Beha’alotchah – Moving us On

When Leo and I started looking at this morning’s torah portion together, Leo was full of questions about something I had never really noticed: God commands Moses: “Have two silver trumpets made; make them of hammered work. They shall serve you to summon the community and to set the divisions in motion’. (Numbers 10:2). I have to confess I did not have great answers for Leo about these Trumpets, because I had never really thought about them before. This is the joy of studying Torah with lots of different people – everyone is drawn to or interested in different things, expanding our own learning. Having done some digging and looked a little into what deeper meaning the trumpets might have for us, Leo wisely decided to focus on something else for his own D’var Torah.

So this week it occurred to me that I should pick up the challenge Leo laid before me, and try to discover whether these trumpets might have something more meaningful to say to us, rather than just being an instrument through which a noisy rabble of 600,000 people could be instructed to move! For some this was enough – the trumpets were a practical tool, according to Abarbanel, a 15th Century Portuguese Rabbi. He suggests that the reason the trumpets were made of hammered metal rather than melting metal plates together was to make them louder, as joints might allow air to escape.

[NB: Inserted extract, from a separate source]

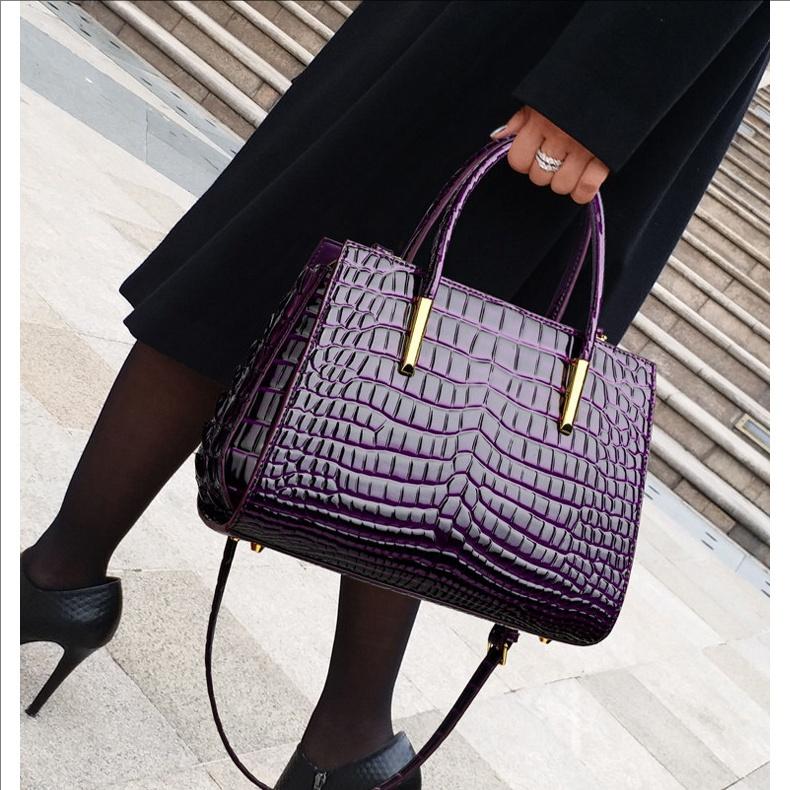 Stylish Black Croco-Embossed Cowhide Tote Bag – Elegant & Functional for Travel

Before Leo and I looked at the trumpets, if you would have asked me what instrument was played to move the Israelites on from their encampments, I would have assumed it was a Shofar, the ram’s horn we still blow today over the High Holidays. The Shofar, however, seems to have a different function. It announced festivals, new moons, and were even incorporated into the orchestra of the Temple to contribute to the music of the service. As today, it was intended as a call to awaken ones spiritual life. It is true that they were also a call to arms, sending the community off to war, though I suspect in the Biblical mind-set this was also seen as a spiritual obligation.

I find myself wondering if the trumpets and the Shofar were intended as two ways to do the same thing with different parts of our lives, both of which were necessary then, and remain so today.

The Shofar is a spiritual call to action – today we hear it as a wake up call around the New Year – demanding we assess our behaviour and heal both our relationships with one another, and with God. We turn inwards and hope to emerge changed. But it served a similar function in the ancient world, ushering in spiritually significant dates, and reminding the people of their spiritual and religious duties in the encampment.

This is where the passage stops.